More Than 55% of Cerrado Native Vegetation Already Lost, New Review Reveals

With 55% of its native habitat gone, the Cerrado is in crisis. Preserving this biodiversity hotspot demands immediate reform and the protection of Indigenous rights.

Guest blog post by Cássio Cardoso Pereira

“In addition to surviving some of the poorest soils in intertropical Brazil, the vegetation of the Cerrado has achieved the ecological feat of withstanding wildfires, rising from its own ashes like a kind of phoenix among Brazil’s ecosystems. It cannot, however, withstand the violent technological artifices invented by so-called civilized men.”

Aziz Ab’Saber, 2003 (translated)

Often overshadowed by the Amazon, the Cerrado is the second-largest Ecodomain in South America. Despite covering 24% of the territory and sustaining major watersheds, it has historically been sidelined in global conservation dialogues.

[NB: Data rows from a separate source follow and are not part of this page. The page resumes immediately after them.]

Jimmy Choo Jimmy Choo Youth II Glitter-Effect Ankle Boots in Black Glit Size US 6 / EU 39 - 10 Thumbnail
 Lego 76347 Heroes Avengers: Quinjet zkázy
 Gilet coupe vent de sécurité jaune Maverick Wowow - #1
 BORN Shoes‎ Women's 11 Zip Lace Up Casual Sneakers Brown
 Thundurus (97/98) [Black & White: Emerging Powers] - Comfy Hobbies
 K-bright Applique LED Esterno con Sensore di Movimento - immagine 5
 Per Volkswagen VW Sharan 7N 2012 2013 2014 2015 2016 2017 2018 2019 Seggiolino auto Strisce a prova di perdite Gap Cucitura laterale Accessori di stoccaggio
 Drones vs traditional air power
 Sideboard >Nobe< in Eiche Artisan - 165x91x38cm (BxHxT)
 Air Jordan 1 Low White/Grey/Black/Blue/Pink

Our detailed review recently published in Nature Conservation warns that this biodiversity hotspot is currently facing a massive, multi-faceted ecological crisis. Despite its significance, the region has seen more than 55% of its native vegetation converted, an area exceeding 1 million km², with the vast majority of this destruction occurring within the last five decades.

Detailed maps of the Cerrado Ecodomain in Brazil.
Land use and land cover (LULC) in the Cerrado Ecodomain in 1985 and 2023, revealing significant changes in the spatial structure of the territory. An intensification of human activities can be observed, with emphasis on agricultural expansion,
which resulted in the significant replacement of native vegetation by alternative uses. This process represents an accelerated landscape transformation over the last four decades. These maps were made using the Cerrado shapefile developed by Cássio Cardoso Pereira, with LULC data available from MapBiomas (2024).

While recent data suggests a slight reduction in annual deforestation rates, the accumulated loss continues to climb, making the Cerrado the Ecodomain in Brazil with the greatest loss of native vegetation.

Graph presenting the annual clearing in Cerrado Ecodomain.
Annual clearing in the Cerrado (2001–2025) according to PRODES (INPE 2025). Bars represent the total area cleared each year (km²), with colors ranging from dark orange (highest values) to light orange (lowest values), indicating relative variation in intensity. Arrows indicate the percentage change compared to the previous year: increases (↑, red), decreases (↓, green), and stability (→, black, 0.0%). These data do not detect degradation, only complete removal of natural vegetation. Annual data refer to the so-called “reference year”, which runs from August of one year to July of the following year, based on satellite images with a resolution of 10 to 30 meters. The icons used in this figure are from Wikimedia licensed under CC BY-SA 4.0. Figure design: Cássio Cardoso Pereira.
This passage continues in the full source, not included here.